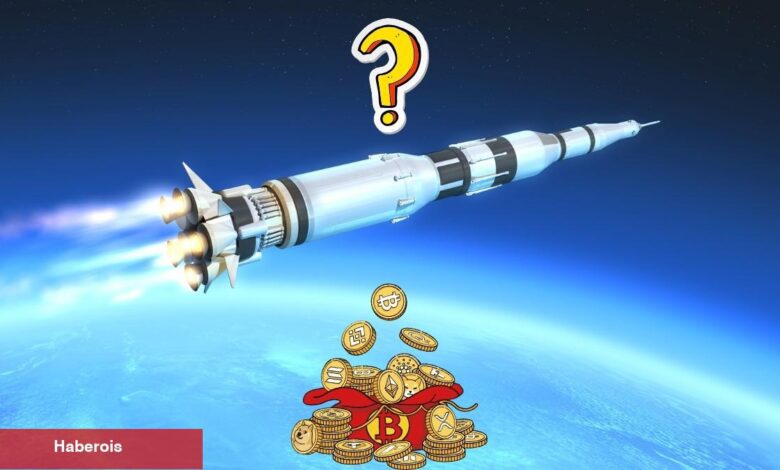 Bu Altcoin Yüzde 50 Yükselişe Hazır! 2025’te 10 Dolar olur mu? - Haberois Bu Altcoin Yüzde 50 Yükselişe Hazır! 2025’te 10 Dolar olur mu?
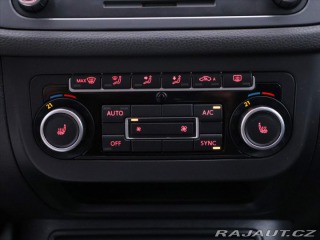 Volkswagen Tiguan 2,0 TDI 103kW 4Motion Spo 2012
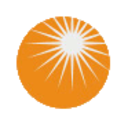 Logo KOAL SOFTWARE A YC1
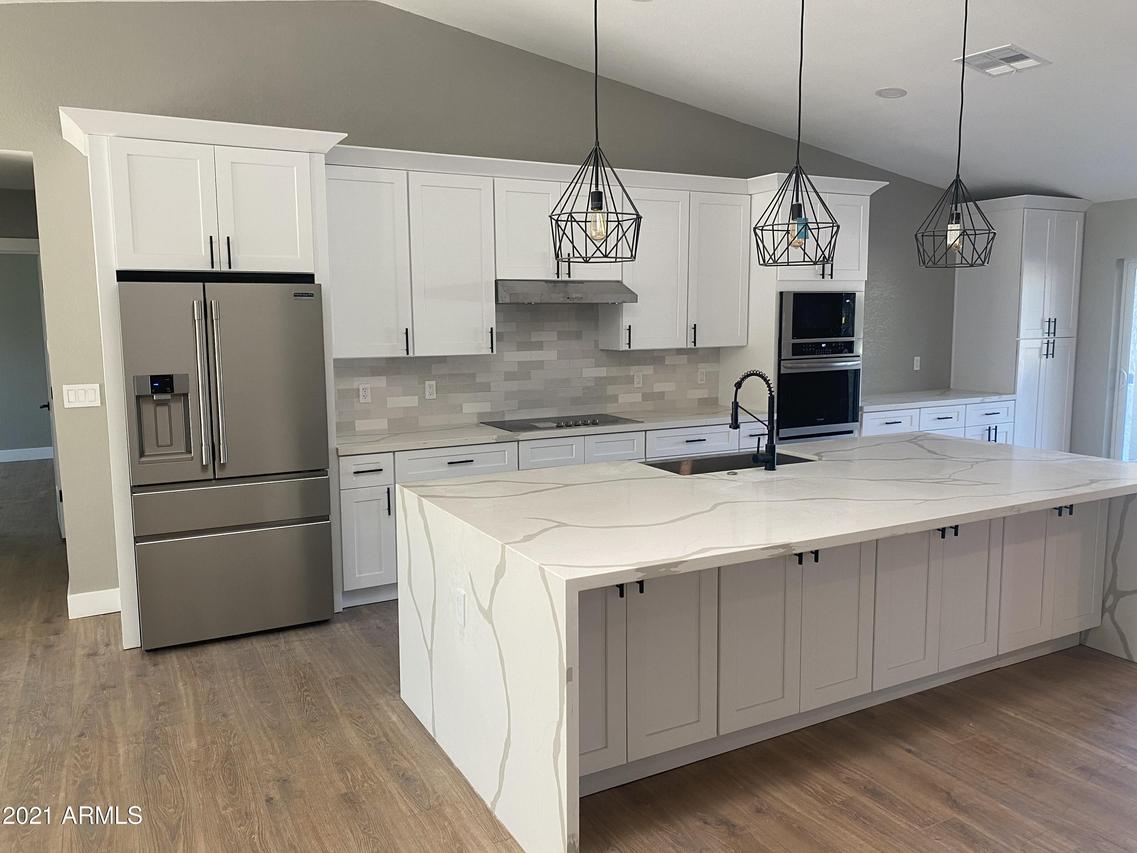 5901 E Charter Oak Rd., Scottsdale, AZ 85254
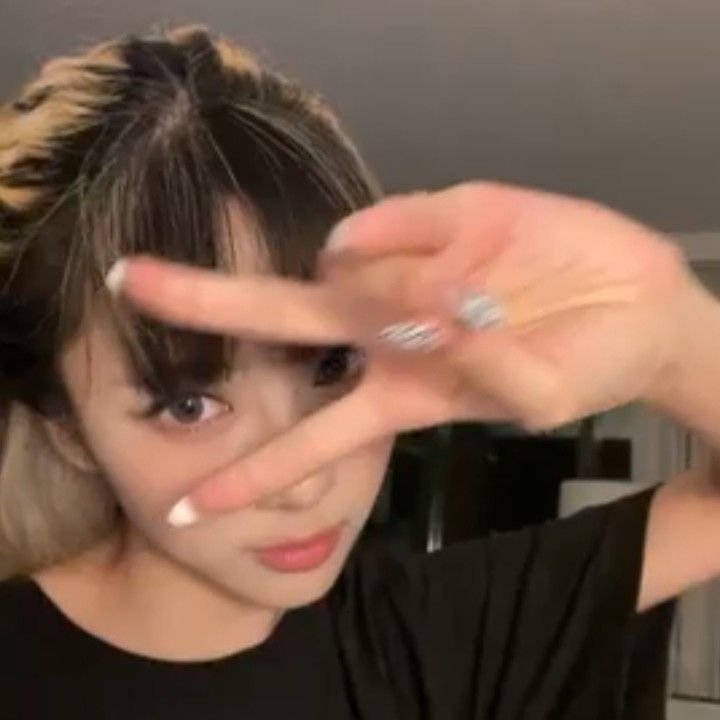 eeesomnieee's tweet photo. @deukae_locks thank you for the ga !! https://t.co/4X5osMFPkj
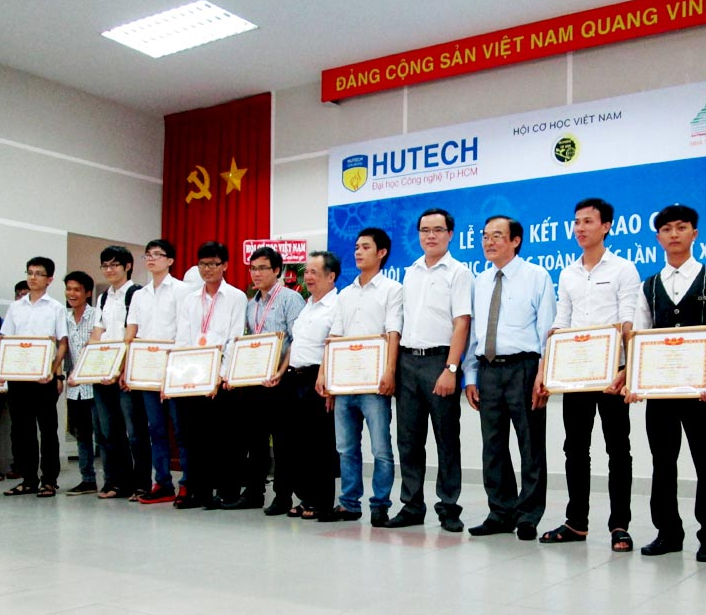 doi-tuyen-nam-2015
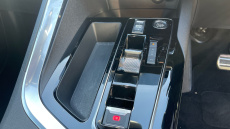 Peugeot 3008 1.2 Hybrid 136 Allure Premium+ 5dr e-DSC6 Petrol Estate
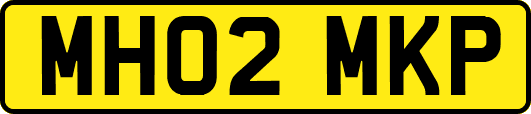 MH02MKP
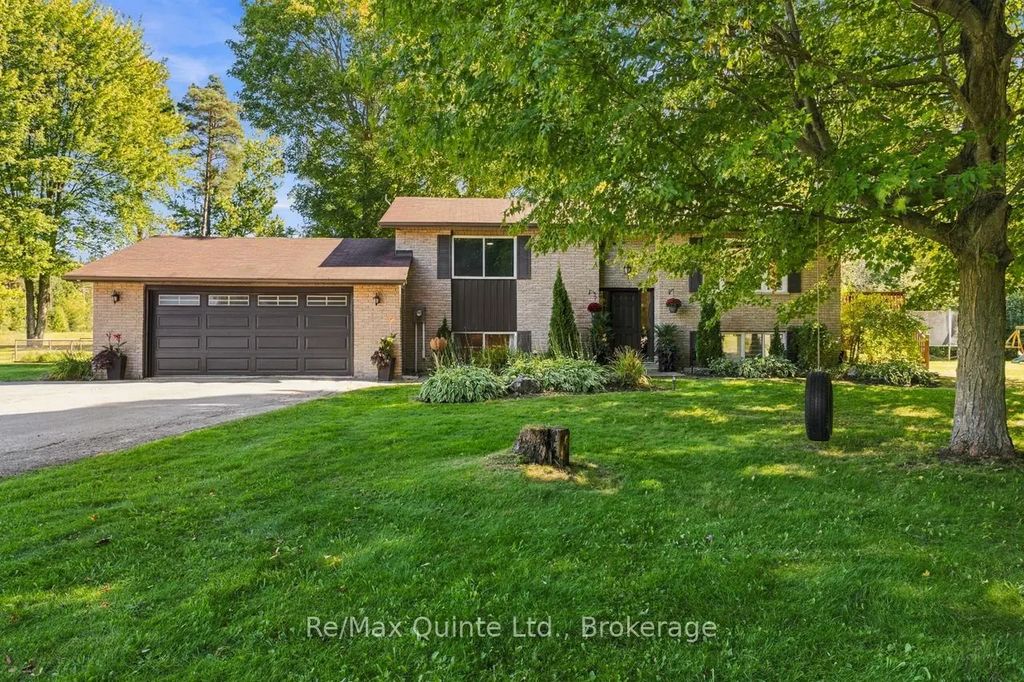 193 Lawson Road, Brighton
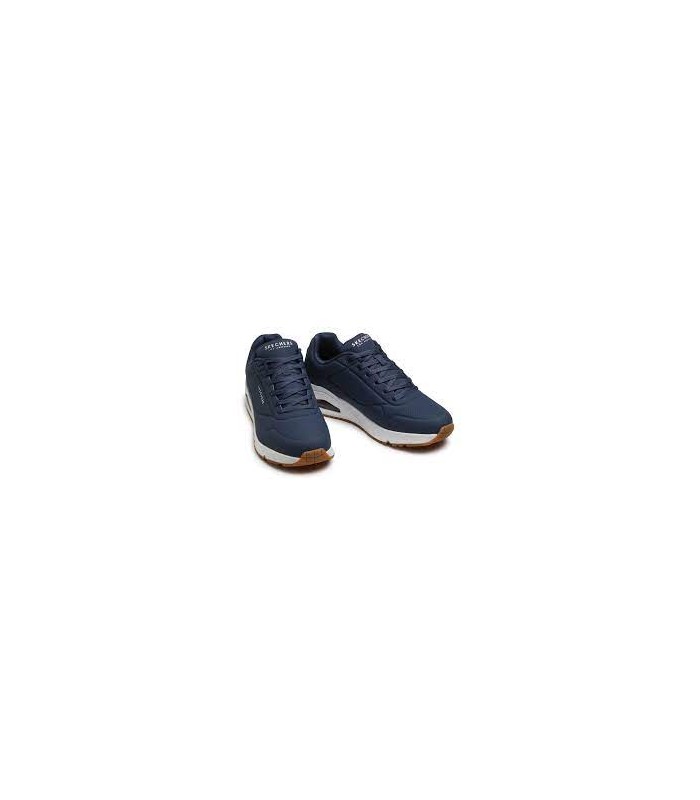 Skechers zapatillas Uno - Stand On Air
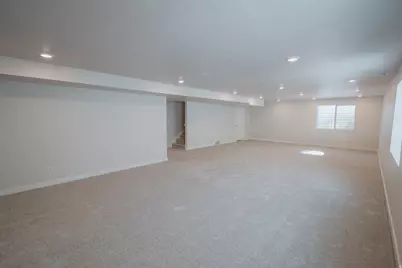 1472 W Pleasant View Dr #9, Kaysville, UT 84037 - Photo 13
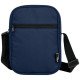 Bandolera Byron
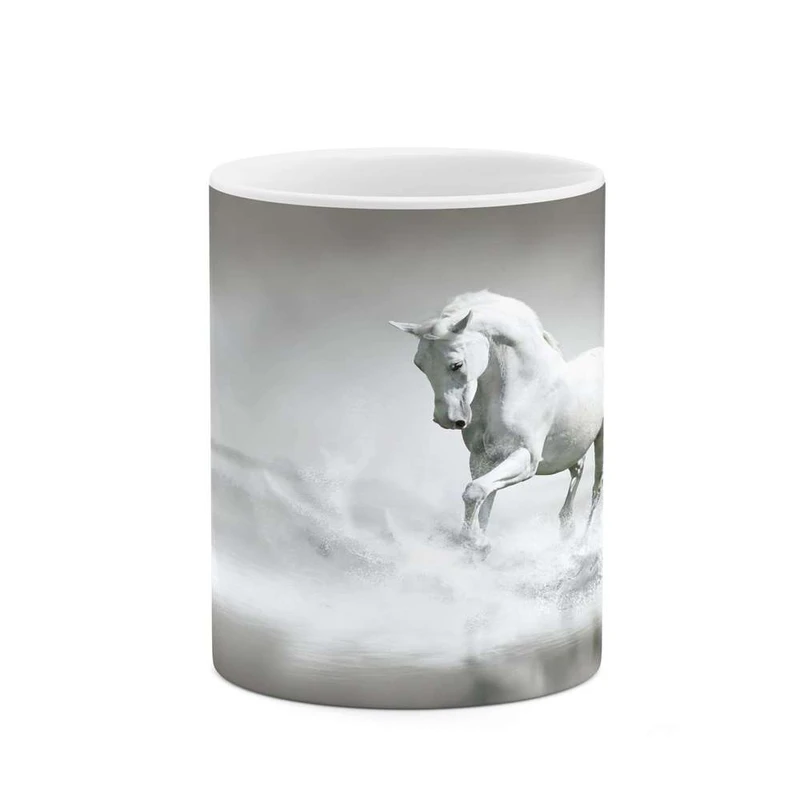 ماگ کاکتی مدل اسب کد mgh24226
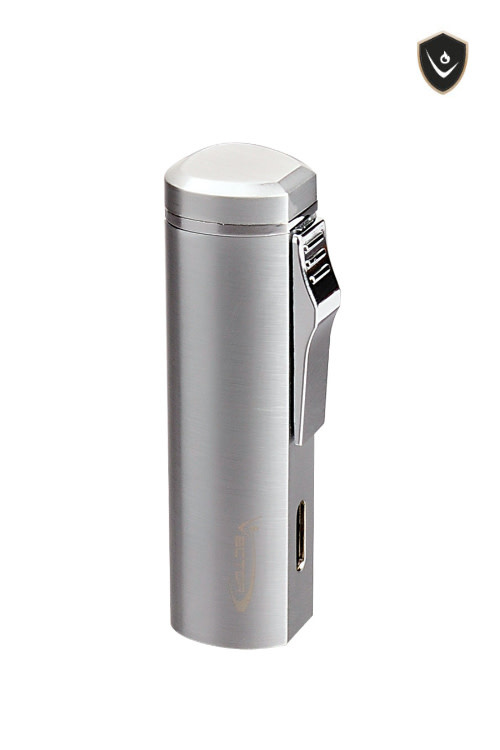 Vector - Torch Lighter Triple Flame Vlast
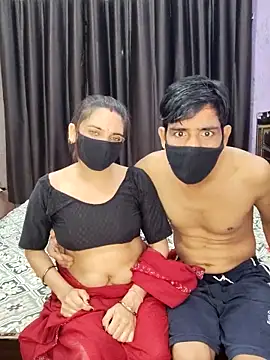 Snapshot of kamini_bhabhi chatting on September 2025 05:35:02 PM kamini bhabhi online show from September 2025 05:35:02 PM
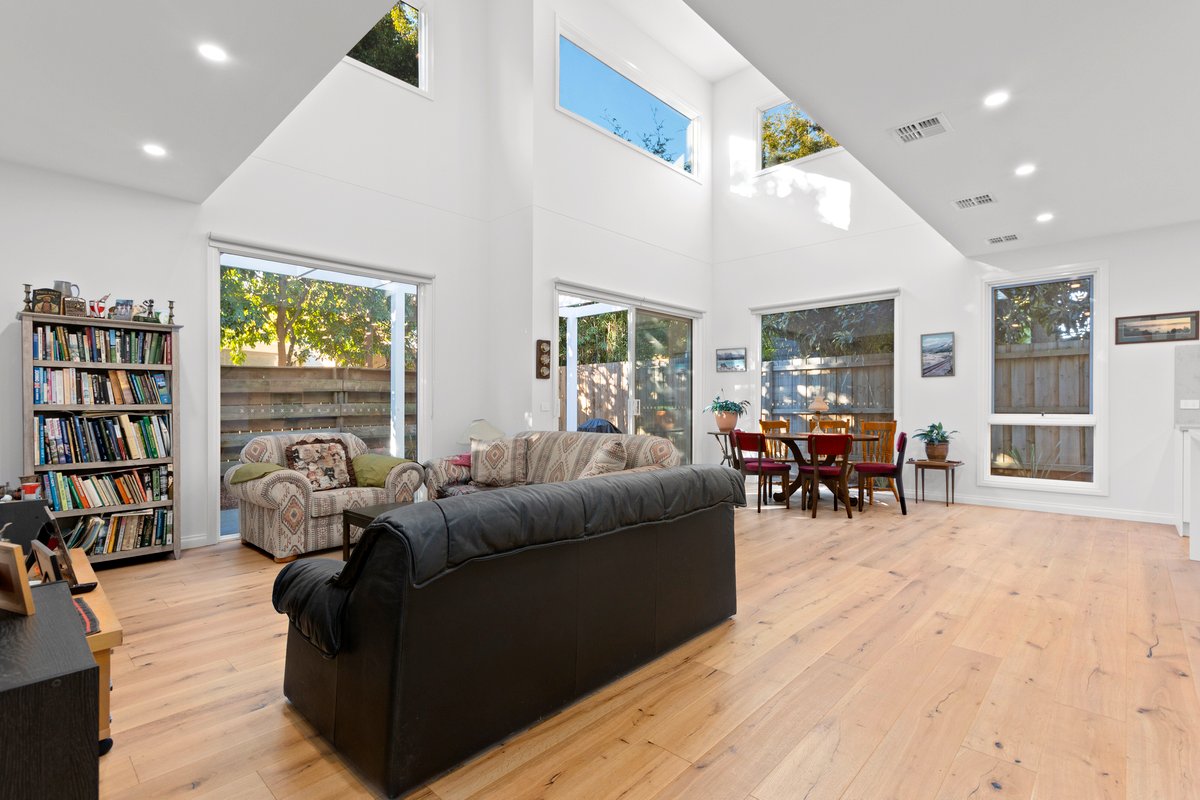 14 Keating Street Black Rock - Residential for sale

## Exercise aim
Pictures don't belong in the copy. Transcribe every record exactly as it appears.

## Task result
 Bu Altcoin Yüzde 50 Yükselişe Hazır! 2025’te 10 Dolar olur mu? - Haberois Bu Altcoin Yüzde 50 Yükselişe Hazır! 2025’te 10 Dolar olur mu?
 Volkswagen Tiguan 2,0 TDI 103kW 4Motion Spo 2012
 Logo KOAL SOFTWARE A YC1
 5901 E Charter Oak Rd., Scottsdale, AZ 85254
 eeesomnieee's tweet photo. @deukae_locks thank you for the ga !! https://t.co/4X5osMFPkj
 doi-tuyen-nam-2015
 Peugeot 3008 1.2 Hybrid 136 Allure Premium+ 5dr e-DSC6 Petrol Estate
 MH02MKP
 193 Lawson Road, Brighton
 Skechers zapatillas Uno - Stand On Air
 1472 W Pleasant View Dr #9, Kaysville, UT 84037 - Photo 13
 Bandolera Byron
 ماگ کاکتی مدل اسب کد mgh24226
 Vector - Torch Lighter Triple Flame Vlast
 Snapshot of kamini_bhabhi chatting on September 2025 05:35:02 PM kamini bhabhi online show from September 2025 05:35:02 PM
 14 Keating Street Black Rock - Residential for sale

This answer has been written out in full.